- Theatrical release poster
- Directed by: Hy Averback
- Screenplay by: William Peter Blatty
- Based on: The Great Bank Robbery by Frank O'Rourke
- Produced by: Malcolm Stuart
- Starring: Zero Mostel; Kim Novak; Clint Walker; Claude Akins;
- Cinematography: Fred J. Koenekamp
- Edited by: Gene Milford
- Music by: Nelson Riddle
- Production company: Warner Bros.-Seven Arts
- Distributed by: Warner Bros.-Seven Arts
- Release date: 10 September 1969;
- Running time: 98 minutes
- Country: United States
- Language: English
- Box office: $1.5 million (US/ Canada rentals)

= The Great Bank Robbery =

1969 film by Hy Averback

The Great Bank Robbery is a 1969 Western comedy film from Warner Bros.-Seven Arts directed by Hy Averback and written by William Peter Blatty, based on the novel by Frank O'Rourke. The movie had a soundtrack with songs by Jimmy Van Heusen.

==Plot==
Gold stolen by outlaws is stashed in the impenetrable bank of Friendly, a small town in Texas. A preacher, Rev. Pious Blue, is actually a thief. He and his associates, including voluptuous partner Lyda Kebanov, plan to tunnel into the vault and blow it up with TNT, just as a Fourth of July celebration drowns out the noise.

There are complications. A number of rival gangs (which include Mexican bandits and a gunfighter called Slade) are also after the loot. Then there is Ben Quick of the Texas Rangers, a lawman out to find evidence confirming the corruption of the banker and town Mayor Kincaid, who is also inside the vault.

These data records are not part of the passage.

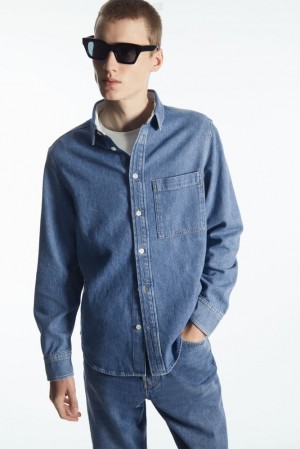 COS Coton And Linen-Blend Denim Shirt Ecru | 269178-OLZ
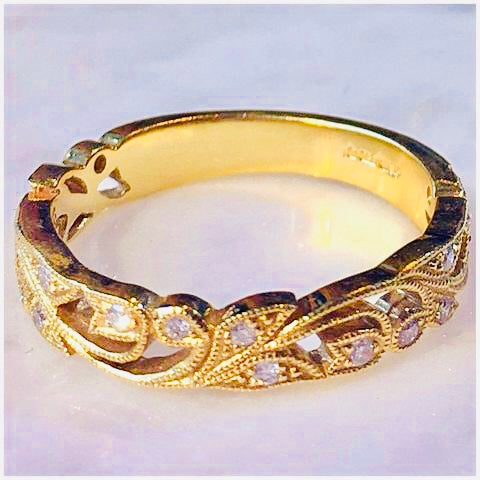 Diamond set Floral Ring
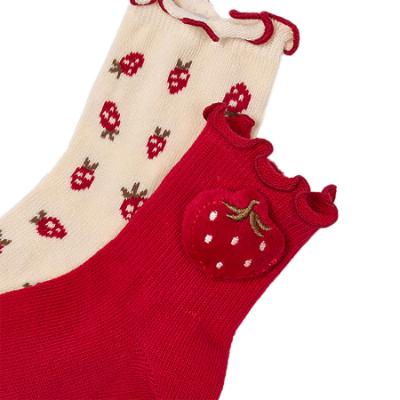 Picture of Mayoral Girls Winter Strawberry Ankle Socks Set X 2 - Beige Red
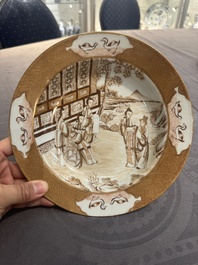 A 28-piece Chinese gilt-decorated sepia 'mandarin subject' service, Jiaqing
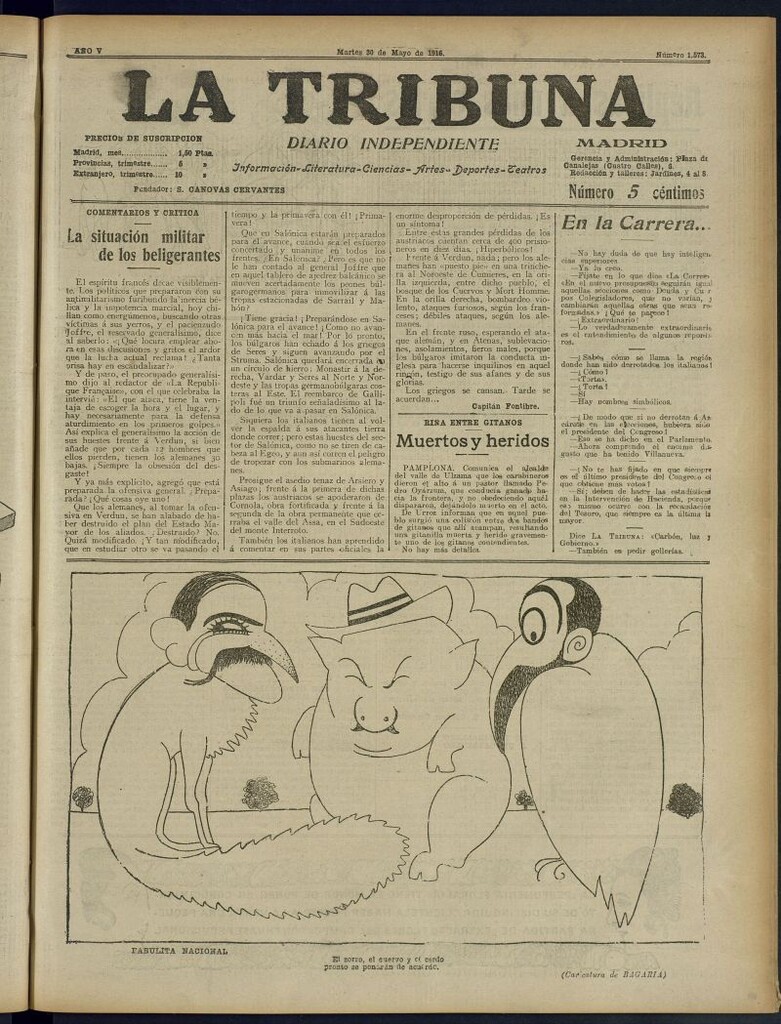 Miniatura de La Tribuna: diario independiente del 30 de mayo de 1916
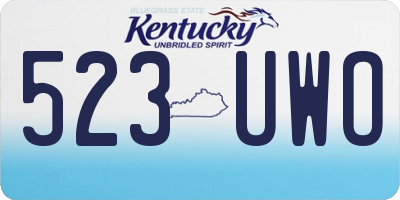 KY license plate 523UWO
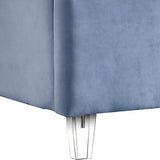 Candace Acrylic Contemporary Bed - Elegant Velvet Design with Deep Tufting & Sturdy Wood Frame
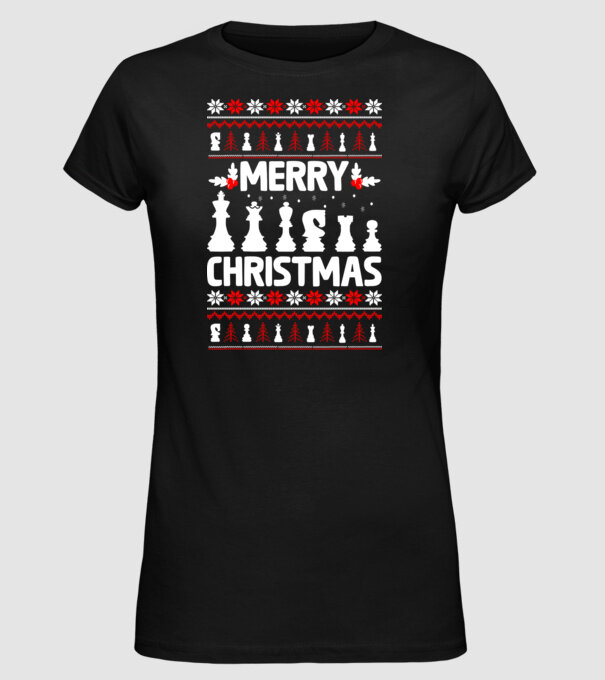 merry chessmass 2 model negru pe tricou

The reverend's band is successful, distracting the bank's guards by having Lyda pretend to be Lady Godiva, riding nude on a white horse, with just small flower pasties covering her nipples and groin. They intend to escape by hot-air balloon. The gold is too heavy for liftoff, however. Lyda volunteers to abandon ship, in part because she has fallen for Quick, who finds the proof he needs to convict Kincaid while the Reverend floats safely away, along with the gold.

==Cast==
- Zero Mostel as Rev. Pious Blue
- Kim Novak as Sister Lyda Kebanov
- Clint Walker as Ranger Ben Quick
- Claude Akins as Slade
- Sam Jaffe as Brother Lilac Bailey
- Mako as Secret Agent Fong
- Akim Tamiroff as Papa (Juan's father)
- Larry Storch as Juan
- John Anderson as Mayor Kincaid
- Elisha Cook as Jeb
- Ruth Warrick as Mrs. Applebee
- John Larch as Sheriff of Friendly
- Peter Whitney as Brother Jordan Cass (tunneling)
- Norman Alden as The Great Gregory (balloonist)
- Grady Sutton as Rev. Simms
- John Fiedler as Brother Dismas Ostracorn(Explosives)

==Production notes==
Zero Mostel uses the line "What we have here is a failure to communicate" which is similar to (and possibly a parody of or simply just a misquote of) a line from 1967's Cool Hand Luke. This line by Rev. Pious Blue is actually more often quoted than the original line and usually categorized as merely a misquote.

The railroad scenes were filmed on the Sierra Railroad in Tuolumne County, California.

==Reception==

Vincent Canby of The New York Times had nothing but disdain for the picture: "The Great Bank Robbery, the Western farce that opened yesterday at neighborhood theaters, is probably the least interesting movie of 1969 through this date. I hedge because there are several films I haven't seen, and because The Great Bank Robbery is so casually inept it can't support even negative superlatives."

Film historian Leonard Maltin seemed to agree: "...A total dud, hardly worthy of the writer who gave us A Shot in the Dark and The Exorcist. Be warned."